В исторической литературе о деле Засулич исследователи традиционно разрабатывают политическую, гендерную и этическую проблематику дела [Смолярчук 1982; Карпиленко 1994; Siljak 2008; Pipes 2010]. Меня, в свою очередь, интересует юридическая сторона процесса Засулич[576]
. Победителем в этом судебном процессе столичные газеты называли русское общество, представители которого на суде присяжных оправдали террористку. Я постараюсь показать, что у такого понимания общественной победы был автор – молодой юрист, литератор и общественный деятель Анатолий Федорович Кони, председательствовавший на процессе. Почему этот видный юрист приветствовал «юридически неправильное оправдание» [Кони 1933: 228] как победу российского суда?В непрекращающемся споре о готовности российского общества к рецепции западных судебных институтов исследователи отмечают, что влиятельная критика интеллектуалами судов и позитивного права в Российской империи должна учитываться как весомый фактор, требующий самостоятельного исследования [Burbank 2004; Rosenshield 2005; Borisova 2012]. С этой точки зрения оправдание Засулич нельзя обойти вниманием, так как это ключевой момент в истории утверждения эгалитарных начал в понимании социальной справедливости в России предреволюционного периода[577]
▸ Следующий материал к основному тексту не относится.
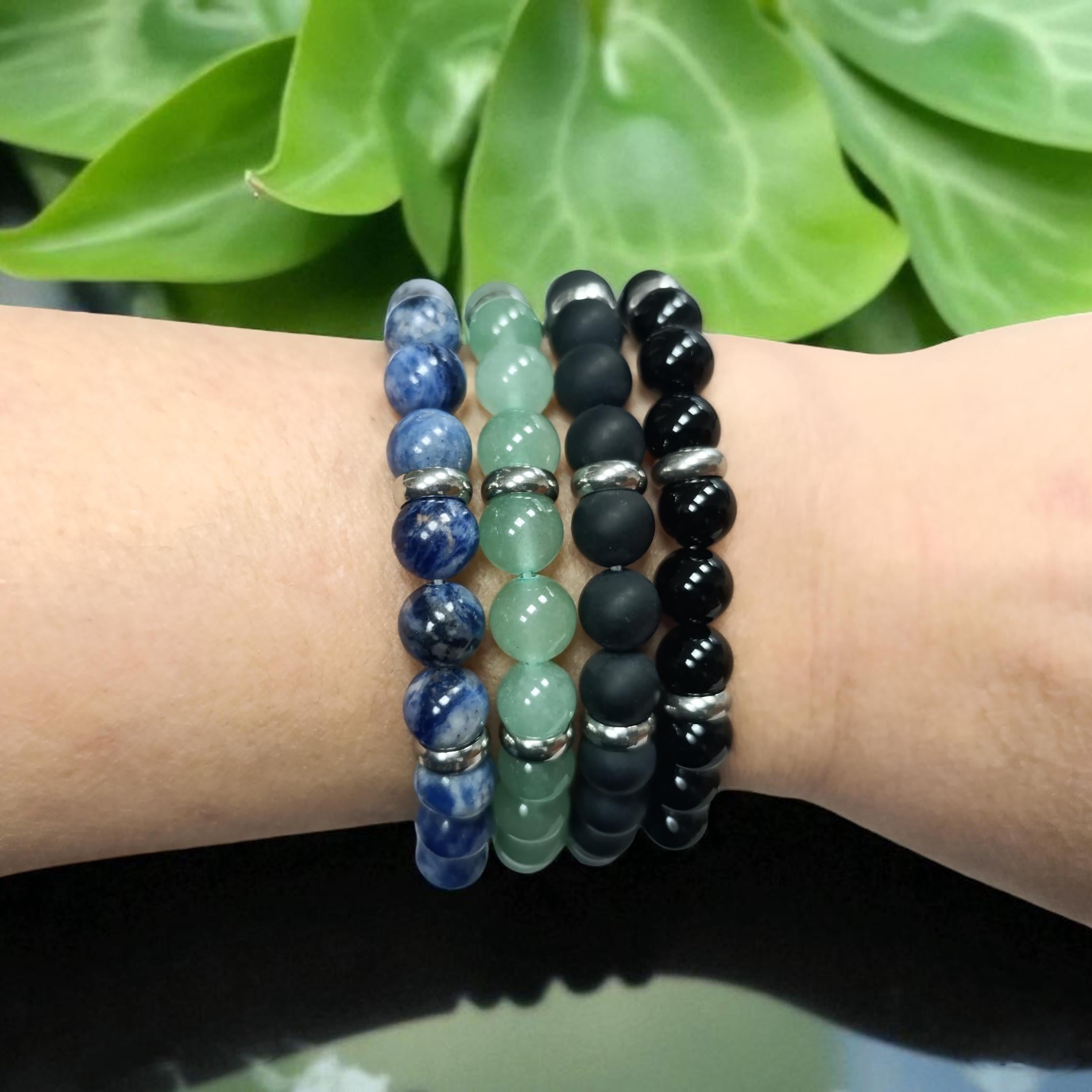 Ocean Blue Jasper Beaded Bracelet • Stainless Steel Spacers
. В то же время процесс Засулич отчетливо обозначил тенденцию поддержки русскими интеллектуалами терроризма как политической практики [Geifman 1995: 14; Morrissey 2011]. В чем были идеологические и правовые корни этой поддержки?Кембриджская школа истории понятий разработала методологию, позволяющую рассматривать политическую философию в качестве своеобразного двигателя политического процесса. В рамках этого подхода политический язык анализируется как инструмент политической борьбы и одновременно как своеобразная матрица, в которой уже заложен определенный набор вариантов политического действия. Понимание политических идей и использование их потенциала зависит от интеллектуального и политического контекста конкретного исторического момента. При этом политический язык развивается в дискуссиях о политическом: истории, политэкономии и праве [Pocock 1999].
Процесс Засулич представляет собой яркий пример политического действия юридической науки. Предметом моего исследования будет приговор присяжных 31 марта 1878 года как практический итог научной работы Кони «О праве необходимой обороны» [Кони 1866а; 1866б]. Другими словами, в моем представлении, процесс Засулич стал сценой, на которой научное сочинение блестящего студента-юриста Анатолия Кони стало «ружьем» – в чеховском, конечно, смысле, – выстрелившим повторно в градоначальника Трепова. Понятие общественной власти, проблематизированное Кони в научной работе, из юридической категории превратилось в политическое действие. Значение этого действия повлияло на политический язык пореформенной России.